義務教育の主体は誰か? 混迷するPTAとは?




「次の役員の成手がいない?」「ボランティアなのに、なぜこんなに時間をとられるの?」「先生もすごい負担で悩んでいる」公立小中学校での現場である。高齢化した自治会と同じような話が全国のPTAで起こっている。

米国で始まったPTAは、現在加盟しているのは25%ほどであり、米国でも困窮している。これに変わり個々の学校の環境に合わせて行うPTO(Organization)という形態も生まれている。違いは、徹底してボランティアである点にある。楽しいと思える人、時間のある人が、その範囲内でやる。

日本には憲法26条に、親の教育権を補完するまたは制限するものとして、子女を9年間学校に通わせることが義務付けられている。

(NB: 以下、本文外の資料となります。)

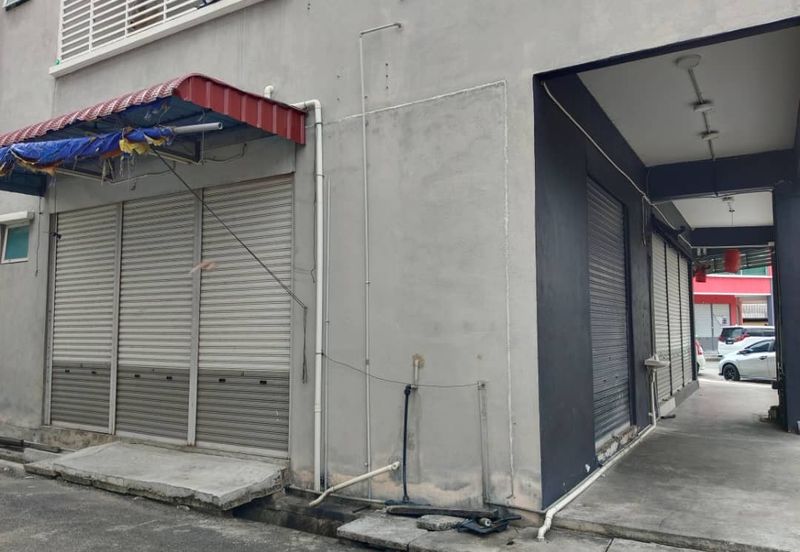 Corner Lot Ground Floor Shoplot at LITC Jalan Putra / Mergong For Rent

そもそも、教育の国の負担はOECD加盟国の中で、日本は底である。家庭が犠牲を強いられる構造である。PTA活動は、学校の活動のある分野またはその関連へのボランティア的家庭の支援であり、あくまでも任意であるが、社会的にはそうでなかった。あるのが当たり前の半ば強制的な活動になっていた。

教育を受ける主体は子供であり、教育を実施する主体は学校である。親も無関心ではあり得ないので、できる協力はする。しかし、PTAがアプリオリにその活動に組み込まれていくのはちがっているのではないだろうか。

日本は既得権利から物事を見る傾向が強い。「今までこうしてやってきた」という考えである。DXが進まないのも、大きな変革には抵抗があるためである。

本来はPT Aがなくても学校で機能できることなのである。いな、学校(憲法で親に子女の教育を義務付けているのだから)でやらなければならない。

現在全国の公立小中学校でPTAの内容、組織見直しが議論されているが、多くは、なくてもやっていけるという考えには立っていない。反対にPTAの必要性や魅力を挙げてボランティア精神に訴える。見直しも今の内容を前提として、消去法で少しずつ負担を減らす、あるいはやり方の変更(便利さ、スマホの活用など)で誤魔化すのである。従って、現在の活動の効果を検証することなどはしない極めて感覚的な判断でこれを進めている。

こうは考えられないだろうか。社会事情が変わり、PTAの成り手が少ないのだから、最低限のことだけ決めて、限られた人数内でできることをやれば良い。最初に組織ありきは絶対にうまくいかない。どうしても足りないボランティアは、隠居して遊んでいる高齢者に声を掛ければ皆喜んで参加してくれる。PTAが社会問題化している今、小さな見直しではすぐに息詰まる。PTAがないと本当に困ることだけを考えるべきである。

今学校の働き方改革の議論の真っ最中である。PTA活動が負担になり、本来の教育に手抜きが生まれることにでもなれば本末転倒ではないだろうか?